Para a harmonização é fundamental assistir o vídeo acima. A primeira coisa que chama a atenção é a presença maciça de azeite. O bacalhau é confitado no azeite, a batata também, dando muita oleosidade ao prato. Portanto, é fundamental que o vinho escolhido tenha um bom suporte de acidez, a qual servirá como “detergente” para limpar esta gordura. Taninos aqui não resolvem muita coisa, pois não é o caso de suculência com gordura. Essas considerações caminham para vinhos brancos.

Outros ingredientes importantes são a profusão de ervas na receita, pimenta, azeitonas, alho, limão siciliano. Isso tem muito haver com a região francesa da Provença e todas as regiões do Mediterrâneo de um modo geral. Quanto ao bacalhau, sua participação é limitada e sua textura é delicada, misturada ao pão de forma picado. Portanto, o sabor do prato não é tão marcante como seria com uma posta espessa de bacalhau.

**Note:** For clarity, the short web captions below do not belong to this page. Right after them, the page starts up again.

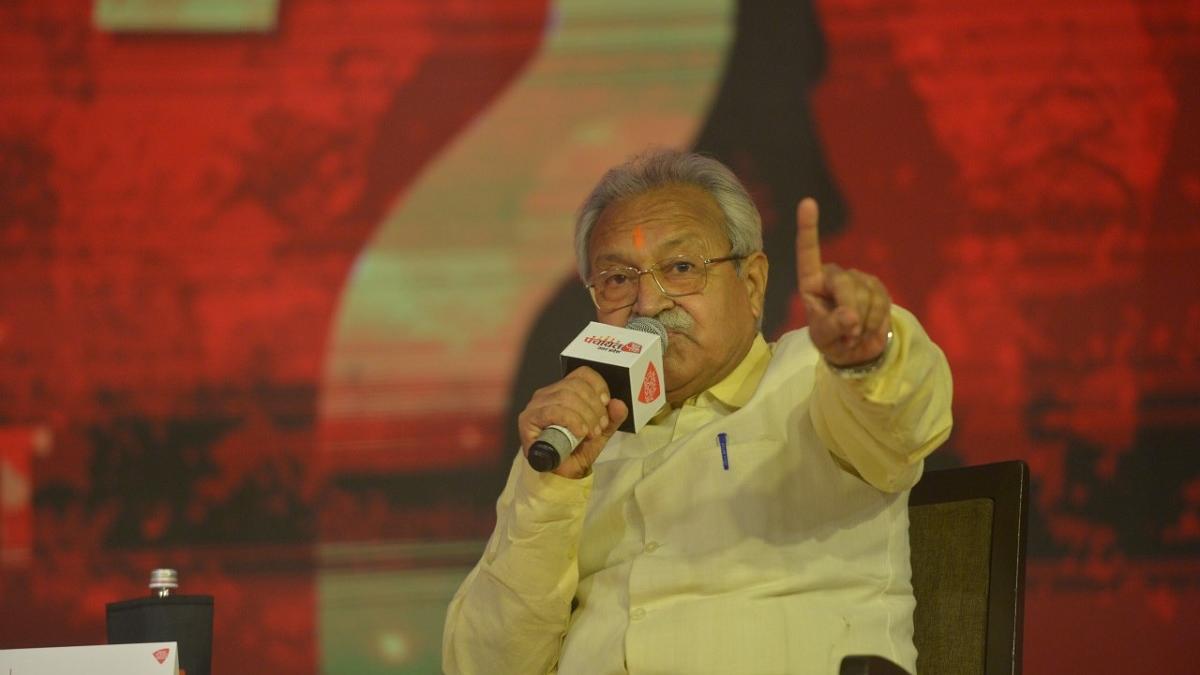 पंचायत आज तक 2021: खुशी दुबे का कोई दोष नहीं, यूपी सरकार को इसपर विचार करना चाहिए- लक्ष्मीकांत वाजपेयी पंचायत आज तक 2021: खुशी दुबे का कोई दोष नहीं, यूपी सरकार को इसपर विचार करना चाहिए- लक्ष्मीकांत वाजपेयी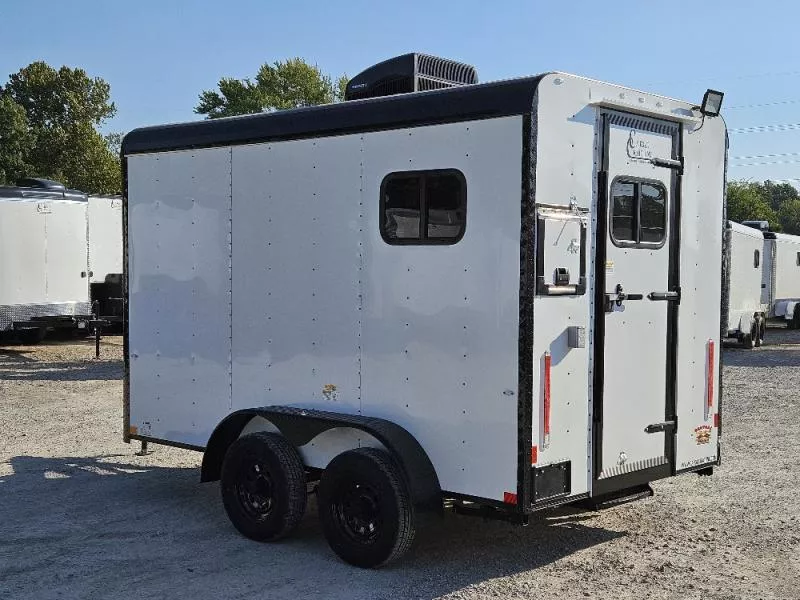 new Office / Fiber Optic Trailers Cargo Craft  for sale, in Broken Arrow, OK Thumbnail 5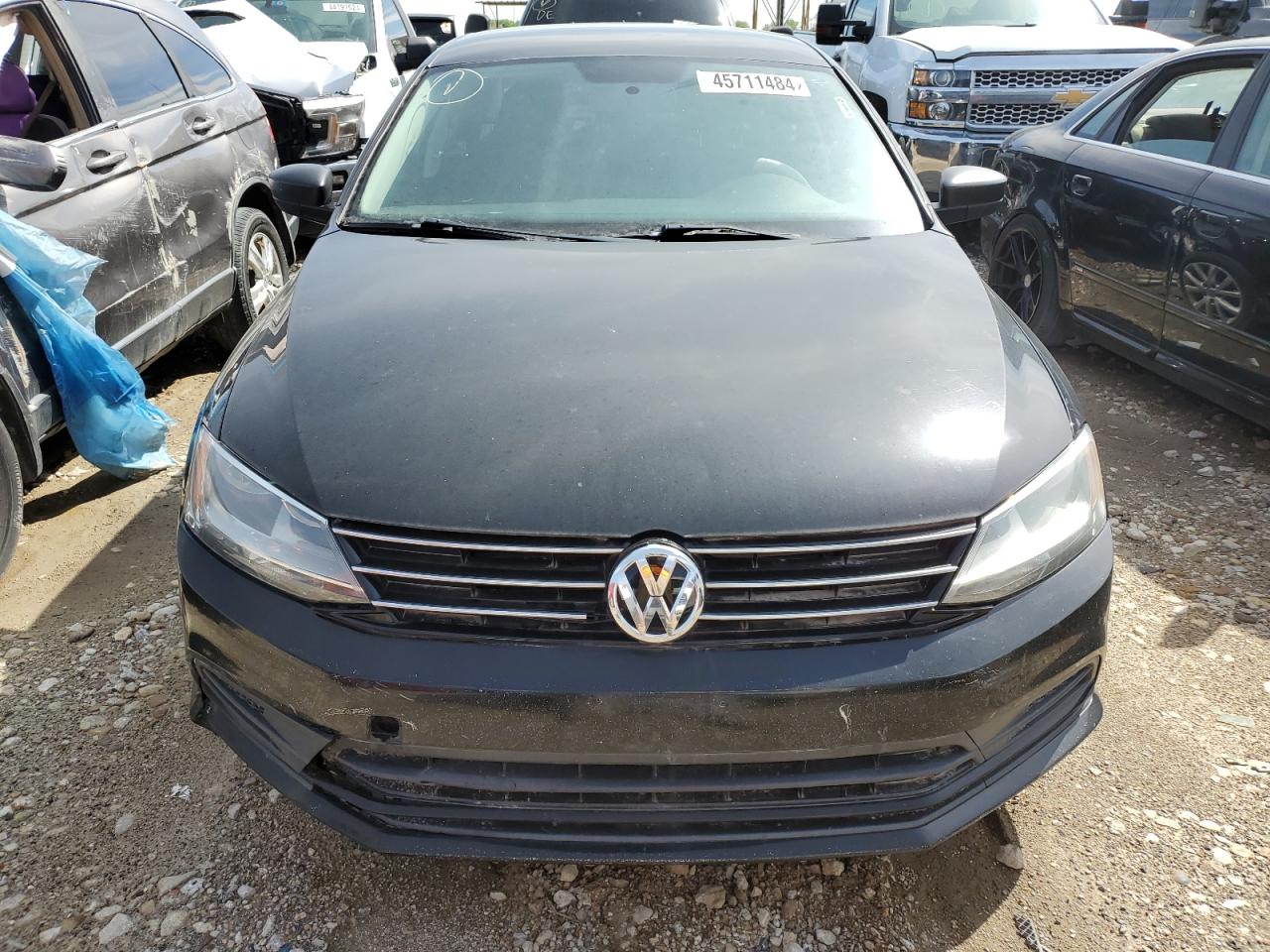 3VWD17AJ3FM322004 2015 Volkswagen Jetta Se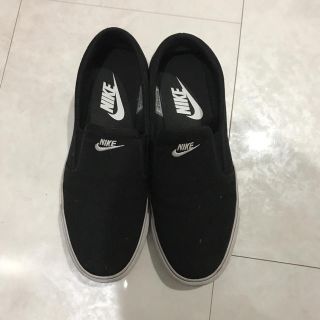 ナイキ(NIKE)のNIKE  メンズスリッポン  27センチ(スリッポン/モカシン)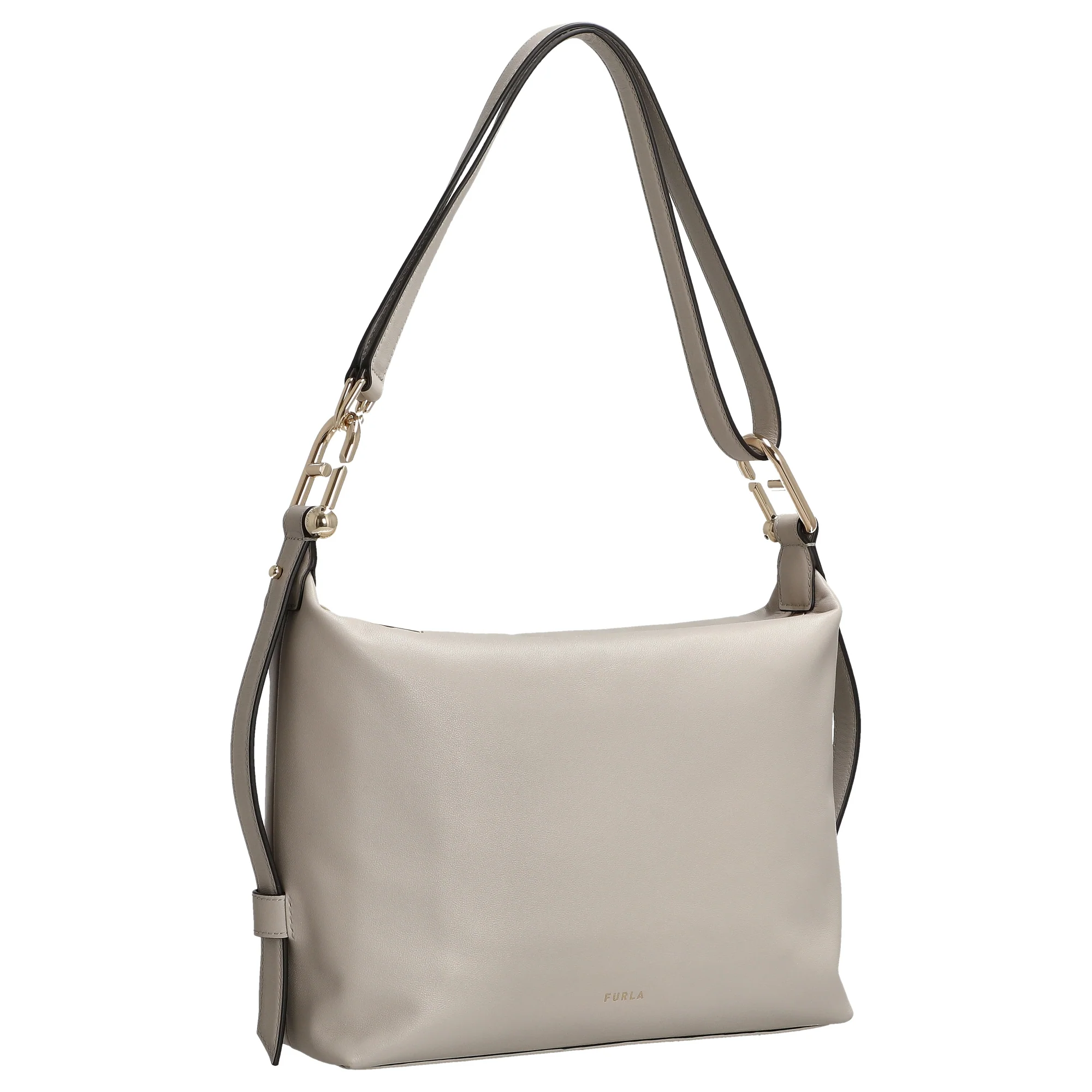 Furla Tonie M Hobo - Umhängetasche 28 cm (vaniglia) - Image 5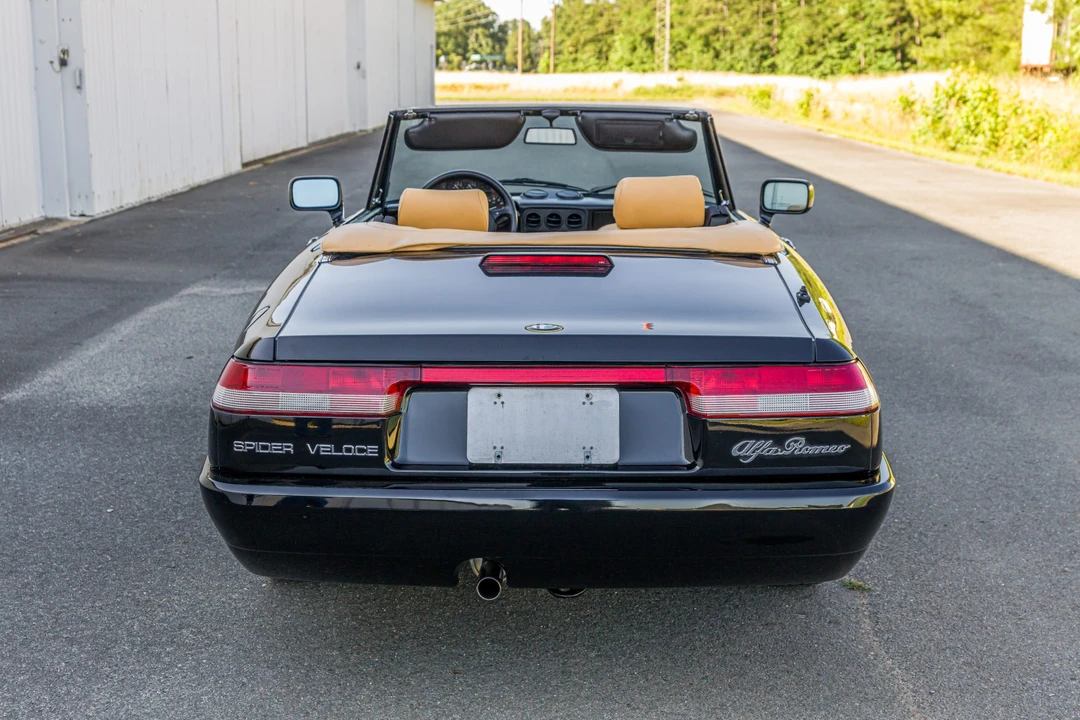 1991 Alfa Romeo Series 4 - Image 31 of 31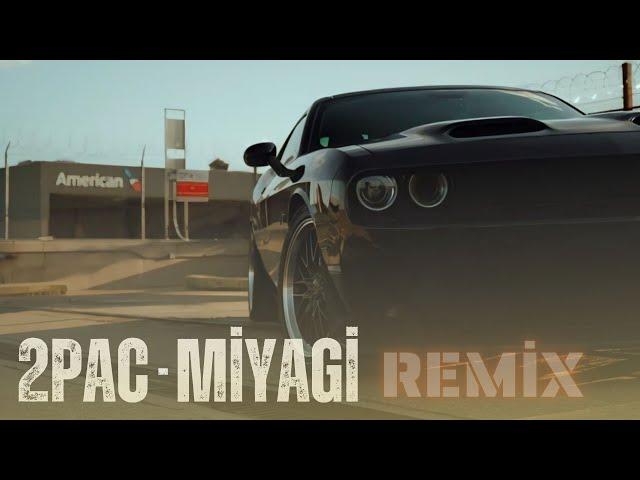 2Pac & Miyagi - Other Position (Risad Hacibeyli Remix) All Eyez On Me - Best Popular Remix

O mesmo é apenas um recheio do linguado. Isso nos dá uma ideia de peso do vinho, inclusive com suave passagem por madeira, se for o caso.

Bandol: apelação nobre da Provence

Nesse sentido, vamos a algumas sugestões. Voltando à Provence, podemos pensar no Château Pibarnon, uma referência da apelação Bandol. Suas versões em branco e rosé têm peso, aromas e sabores adequados ao prato. Ainda no Mediterrâneo, a uva Vermentino gera bons exemplares nas regiões italianas da Sardegna e Ligúria. Château Pibarnon é encontrado na importadora Zahil (www.zahil.com.br).

Do lado ibérico, um belo Alvarinho (português do Minho) ou Albariño (espanhol de Rias Baixas) apresenta um bom frescor ao prato. Um delicada passagem por madeira pode ser interessante. O Dão branco, português calcado na uva autóctone Encruzado é uma combinação surpreedente, assim como os espanhóis brancos de Rueda com a uva Verdejo. Os Alvarinhos de Anselmo Mendes e o Rueda de José Pariente são encontrados na importadora Decanter (www.decanter.com.br). 

José Pariente: referência nesta denominação

Para vinhos mais sofisticados, podemos pensar nos franceses da região de Chablis. Um bom Premier Cru tem acidez, estrutura e elegância para o acompanhamento. Bordeaux brancos com seus toques herbáceos e madeira delicada é outra bela opção.

Como preparar o bacalhau:
Ingredientes:
300g de bacalhau imperial sem espinhas e dessalgado
750ml de azeite extravirgem
Tomilho, louro, alecrim, cebolinha e manjericão
4 dentes de alho na casca
1 pimenta dedo-de-moça fatiada
1 colher de alho picado
Gotas de limão siciliano
80g de pão de forma rasgado
Cebolinha francesa picada
Sal e pimenta do moinho (a gosto)

Modo de preparo:   
Esquente o azeite com o alho na casca, incluindo a pimenta dedo-de-moça e as ervas até atingir 80ºC. Coloque o bacalhau no azeite, sem deixar que ele atinja o ponto de fritura, e deixe cozinhar por 15 minutos. Retire, desfie e reserve. Deixe o alho suar 2 conchas de azeite do cozimento do bacalhau. Coloque o bacalhau desfiado e deixe secar bem.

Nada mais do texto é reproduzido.